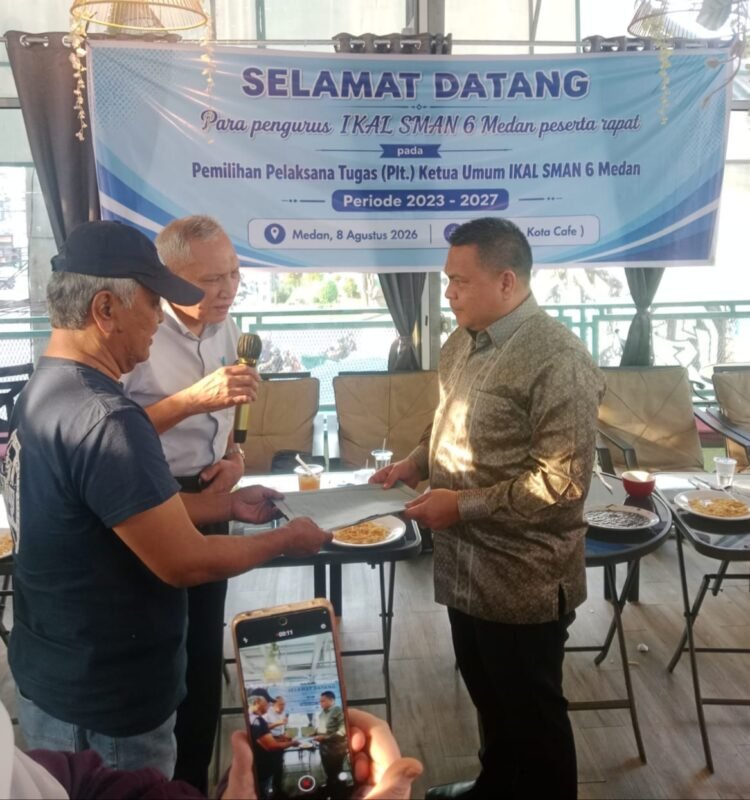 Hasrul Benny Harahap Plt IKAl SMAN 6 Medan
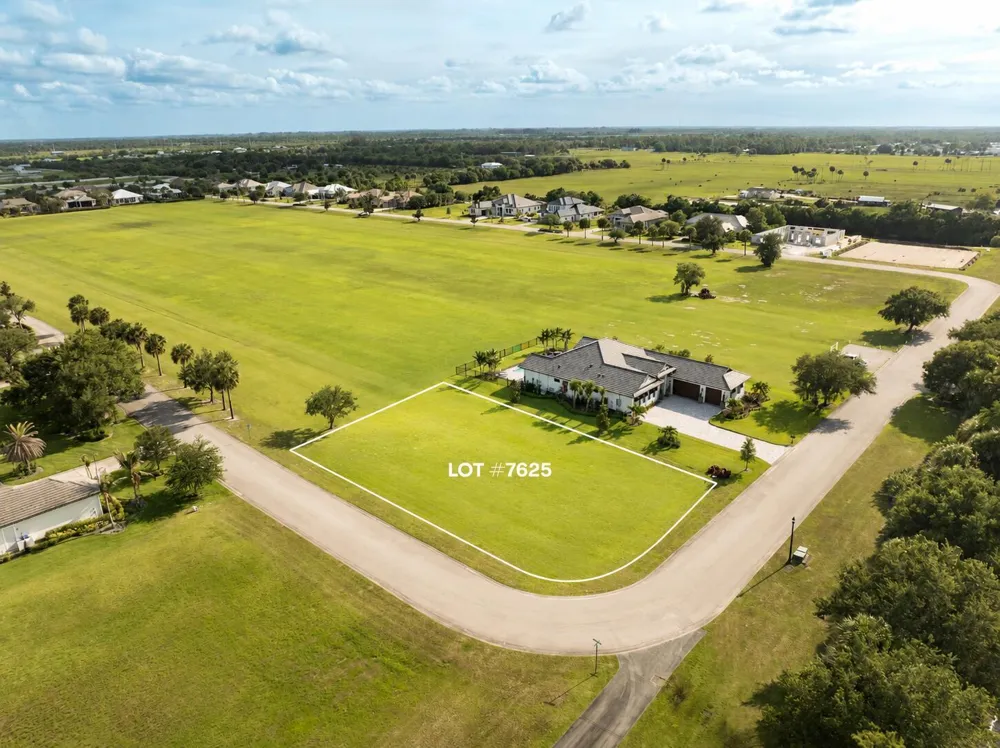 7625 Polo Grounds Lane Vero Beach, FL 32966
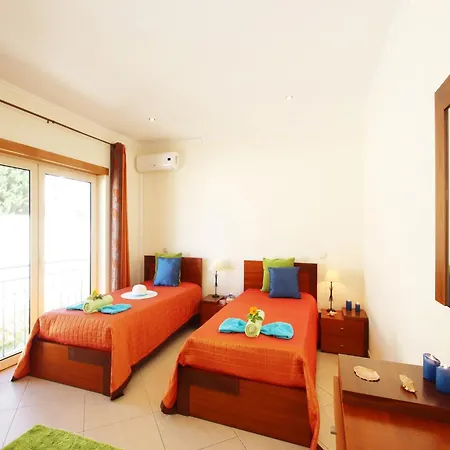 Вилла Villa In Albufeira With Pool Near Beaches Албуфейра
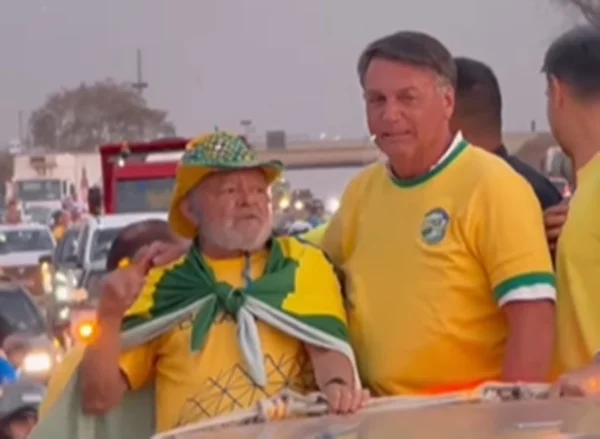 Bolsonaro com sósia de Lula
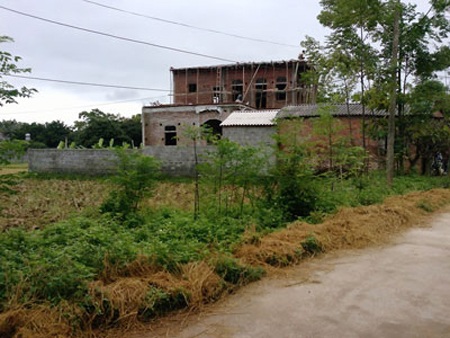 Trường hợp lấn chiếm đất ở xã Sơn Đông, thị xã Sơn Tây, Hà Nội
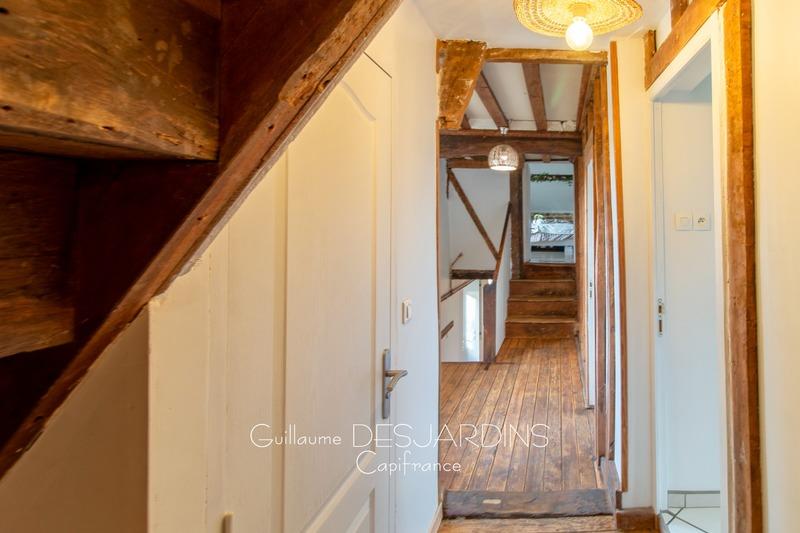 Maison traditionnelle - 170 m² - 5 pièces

* * *

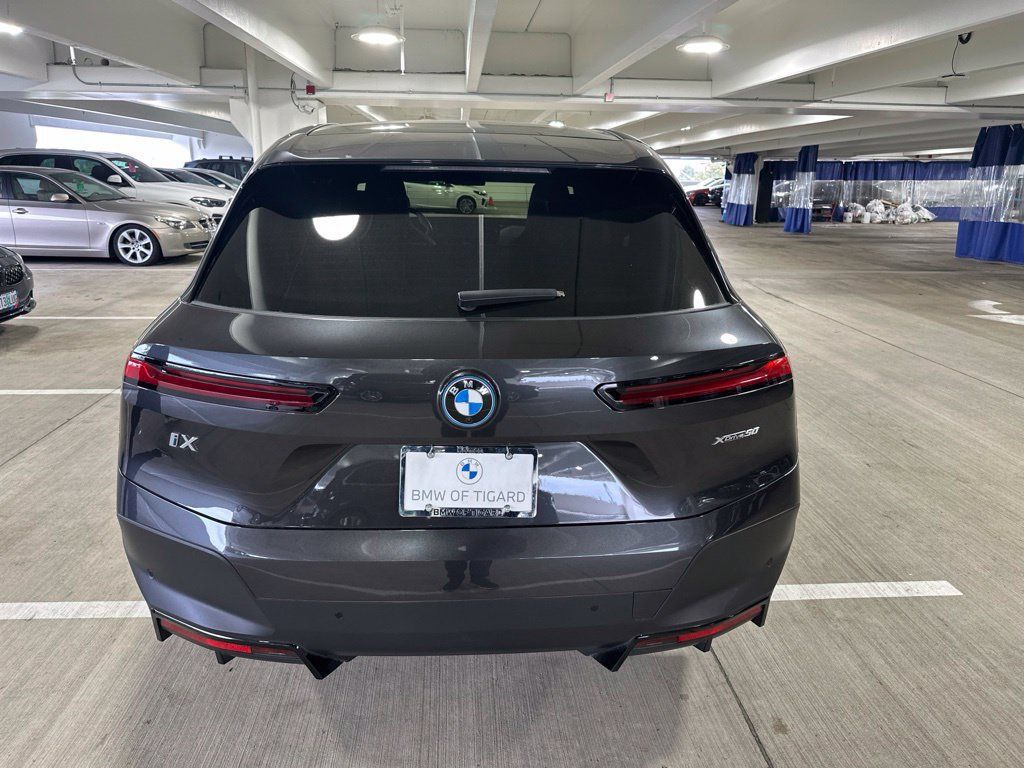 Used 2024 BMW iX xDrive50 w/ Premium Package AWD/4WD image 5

==

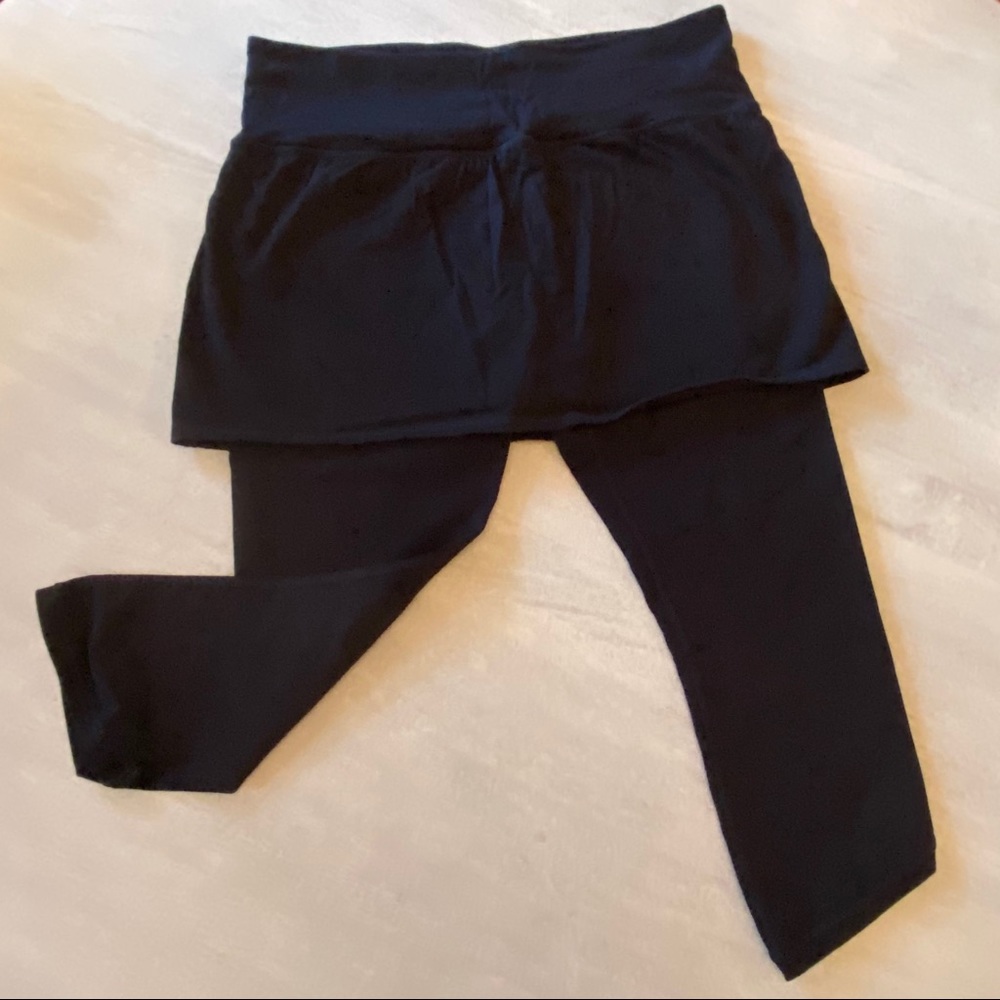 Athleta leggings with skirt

#### EXERCISE AIM
Both the line containing "Hasrul Benny Harahap Plt IKAl SMAN 6 Medan" and the line containing "Maison traditionnelle - 170 m² - 5 pièces" above belong in the output, as do the lines between them. Print them exactly, without pictures.

#### RESPONSE TO THE EXERCISE
 Hasrul Benny Harahap Plt IKAl SMAN 6 Medan
 7625 Polo Grounds Lane Vero Beach, FL 32966
 Вилла Villa In Albufeira With Pool Near Beaches Албуфейра
 Bolsonaro com sósia de Lula
 Trường hợp lấn chiếm đất ở xã Sơn Đông, thị xã Sơn Tây, Hà Nội
 Maison traditionnelle - 170 m² - 5 pièces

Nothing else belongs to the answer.